[Dataset content]:
↓↓↓
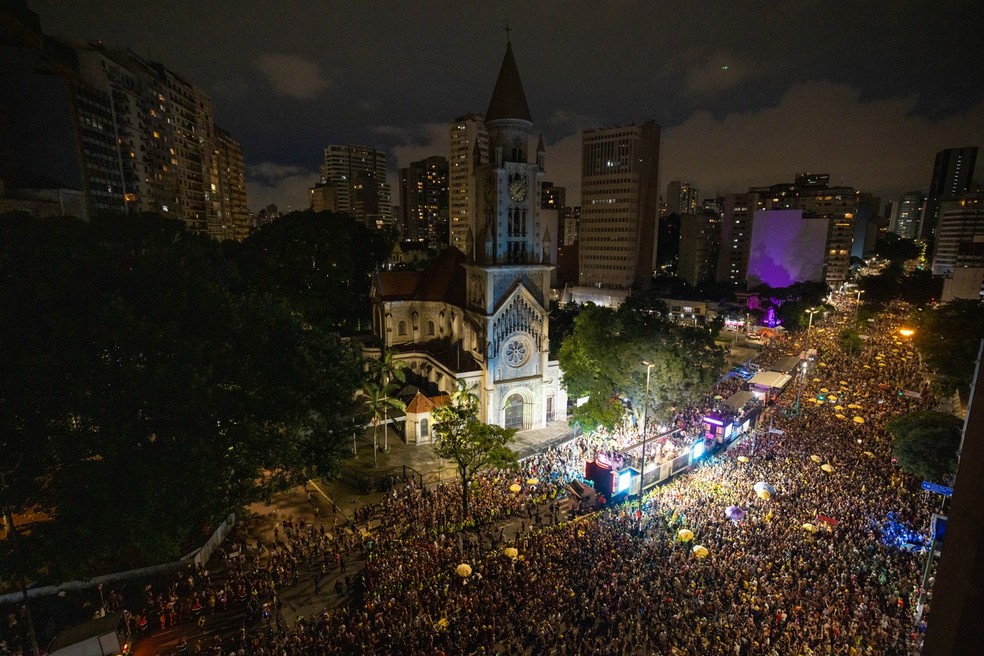 Bloco reunião 1,6 milhão de pessoas na cidade de São Paulo — Foto: Divulgação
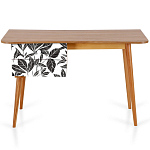 Письменный стол с принтом на ящиках Elise Desk варинант исполнения - 3 | Loft Concept в Рязани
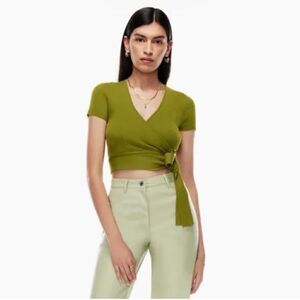 Wilfred Free All Tied Up Short Sleeve Sweater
↑↑↑
[Required work]: Retype the material in full, exactly as written, and exclude the pictures.

[Result for this task]:
 Bloco reunião 1,6 milhão de pessoas na cidade de São Paulo — Foto: Divulgação
 Письменный стол с принтом на ящиках Elise Desk варинант исполнения - 3 | Loft Concept в Рязани
 Wilfred Free All Tied Up Short Sleeve Sweater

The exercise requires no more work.